• ABOUT THIS EXERCISE:
Each line of the records needs to be written out exactly, with any image left out.

[Caption-style text data]
* * * * * * *

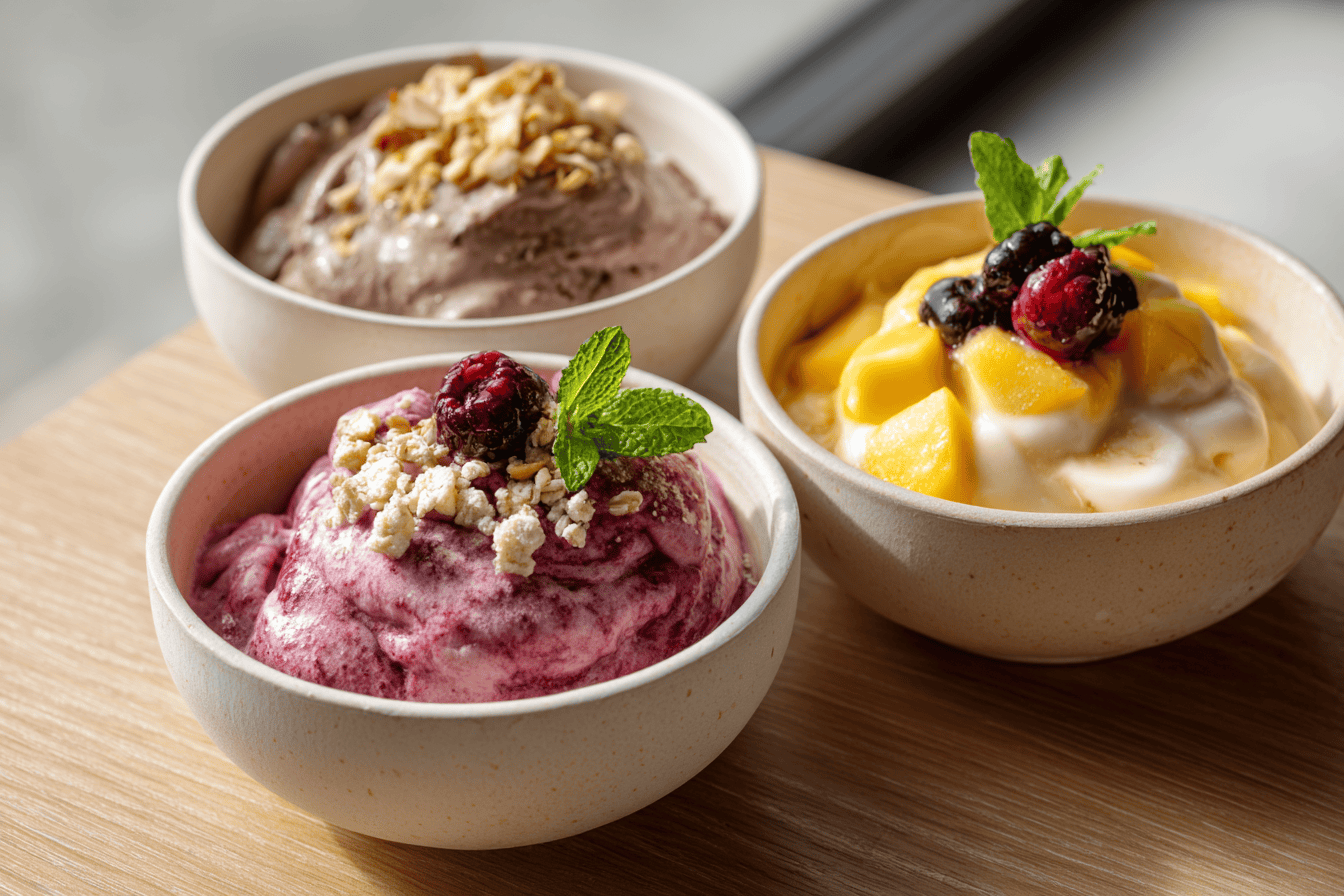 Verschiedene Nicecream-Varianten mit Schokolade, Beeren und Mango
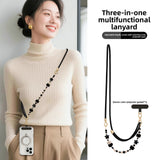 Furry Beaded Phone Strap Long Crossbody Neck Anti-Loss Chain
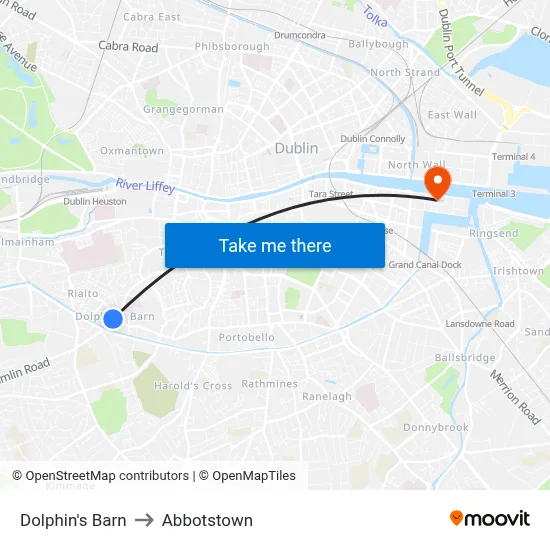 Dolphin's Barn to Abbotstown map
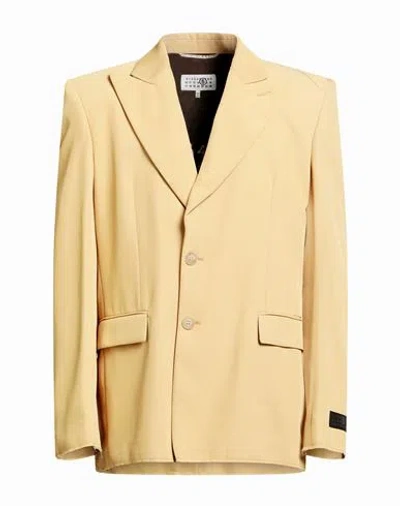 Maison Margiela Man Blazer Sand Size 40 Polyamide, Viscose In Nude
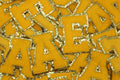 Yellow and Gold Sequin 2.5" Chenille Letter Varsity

* * * * * * *

• ANSWER SPACE:
 Verschiedene Nicecream-Varianten mit Schokolade, Beeren und Mango
 Furry Beaded Phone Strap Long Crossbody Neck Anti-Loss Chain
 Dolphin's Barn to Abbotstown map
 Maison Margiela Man Blazer Sand Size 40 Polyamide, Viscose In Nude
 Yellow and Gold Sequin 2.5" Chenille Letter Varsity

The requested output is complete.